Warning: naughty language ahead.
Years ago, a psychologist said to me, “I’m going to help you be authentic.”
And I was like, “Fuck you. I work incredibly hard at being authentic.”
And then I heard myself.
Game: changed. Also, game leveled up. I had worked incredibly hard at identifying with authenticity. It’s not at all the same thing.
The minute you try to discern who you are and subscribe to some identity, you stop being authentic. You become the identity.
Authenticity is a moving target. Authenticity is all actions and edits. All the time. My friend Janelle says that authenticity is what’s left when everything else is burned away. Authenticity is being unflinchingly honest in your self examination and personal responsibility.
Authenticity demands you stay awake.
Be lost. Be found. If you are going to try and be anything, be kind. Be forgiving. Give other people a wide berth for their imperfections and efforts.
Be clear on what doesn’t belong in your life.
Be clear on what does belong in your life.
Sometimes, authenticity means practicing being a little less clear. Authenticity does not mean windexed transparency to your guts. It isn’t vulnerability porn. Authenticity births deep discernment, and both subtle and grand empathy.
Authenticity is the strength you maintain to carry around your tenderness. It is the ability to carry all of the experience, all of the grief, and all of the eternal questions—with more grace.
It is the ability to recognize that whatever is yours, is yours to carry. For life. You cannot set things down and walk away. They must be accepted and transformed.
My yoga teacher, Sarah Trelease says that the opposite of grasping is digestion.
Digestion, you guys.
A meal in your belly isn’t that easy to haul about. A meal that has been broken down, its nutrients absorbed by your body, is really easy to transport because it’s supporting you.
A heart full of grief, regret, shame and gravity isn’t easy to carry around. Those things broken down, transformed, and absorbed by your senses will carry you.
I’ll wait while you think about that for a minute.
Since you cannot know the unknowable, or be the ineffable, you can only get better at housing them. You can only get better at digesting your experience and converting all of it into the energy and strength needed for such a task.

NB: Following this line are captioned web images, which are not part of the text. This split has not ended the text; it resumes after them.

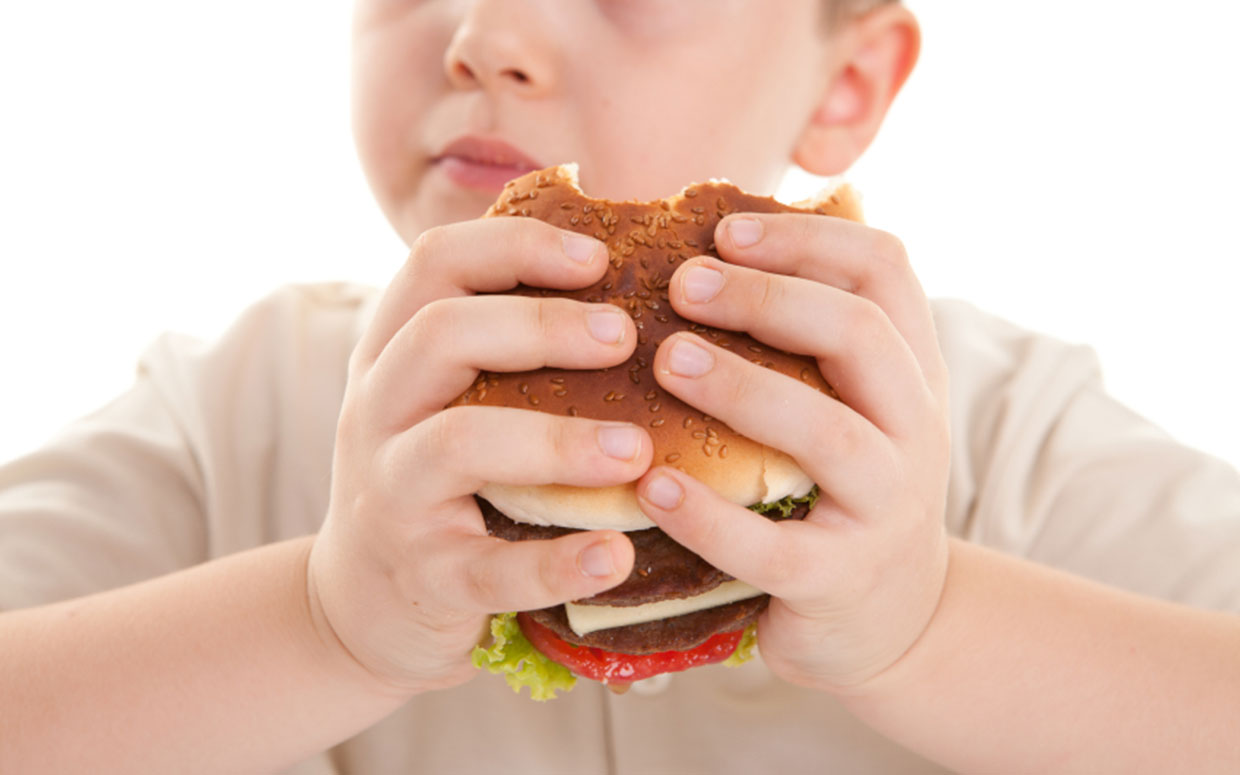 Η απαγόρευση κατανάλωσης junk food στα παιδιά προκαλεί…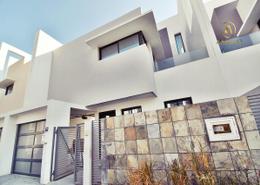Townhouse - 3 bedrooms - 4 bathrooms for rent in Saar - Northern Governorate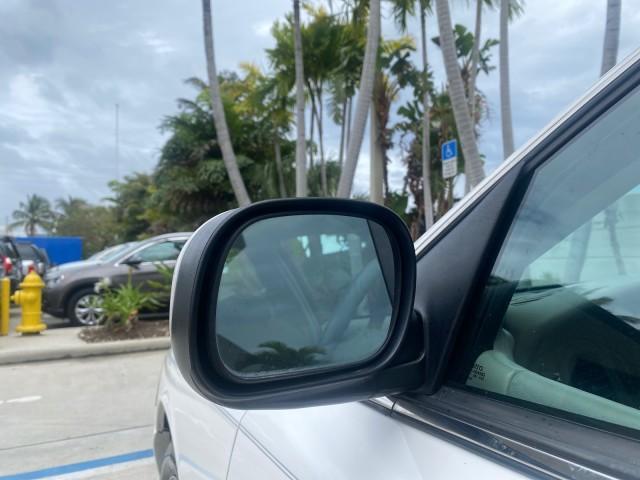 1999 Vibrant White /Lt/Med Parchment Ford Crown Victoria LX LOW MILES 61,537 (2FAFP74W6XX) with an 4.6L SMPI V8 Engine engine, Automatic transmission, located at 4701 North Dixie Hwy, Pompano Beach, FL, 33064, (954) 422-2889, 26.240938, -80.123474 - OUR WEBPAGE FLORIDACARS1.COM HAS OVER 100 PHOTOS AND FREE CARFAX LINK 1999 FORD CROWN VICTORIA LX VIN: 2FAFP74W6XX154498 2 F A F P 7 4 W 6 X X 1 5 4 4 9 8 SEDAN 4 DR 4.6L V8 F GASOLINE 26 MPG REAR WHEEL DRIVE Features ABS Brakes Air Conditioning AM/FM Stereo Automatic Transmission Cassette Player CD - Photo#39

It’s helpful to be selective about your experiences. On account of the fact that you will have to digest them all.
It’s helpful to be selective about your food, and to keep your muscles and bones strong, so that your literal digestive system stays intact for the inevitable uncomfortable experience. Health really is preventative medicine.
When you prioritize the care of your body, participate in its feeding, and its structural and systemic maintenance you increase your ability to carry what your mind cannot, and may never, comprehend.
Some, but not all, results include: 1. The minimization of spinning, resisting, contracting, and isolating. 2. You will look, smell, and taste better.
Both of these things are aces for all of us, darling.
Now go. Drink a glass of water. Take a bath. Eat something green. Breathe. Move. Soften. Let me know if I can help. We’re better together.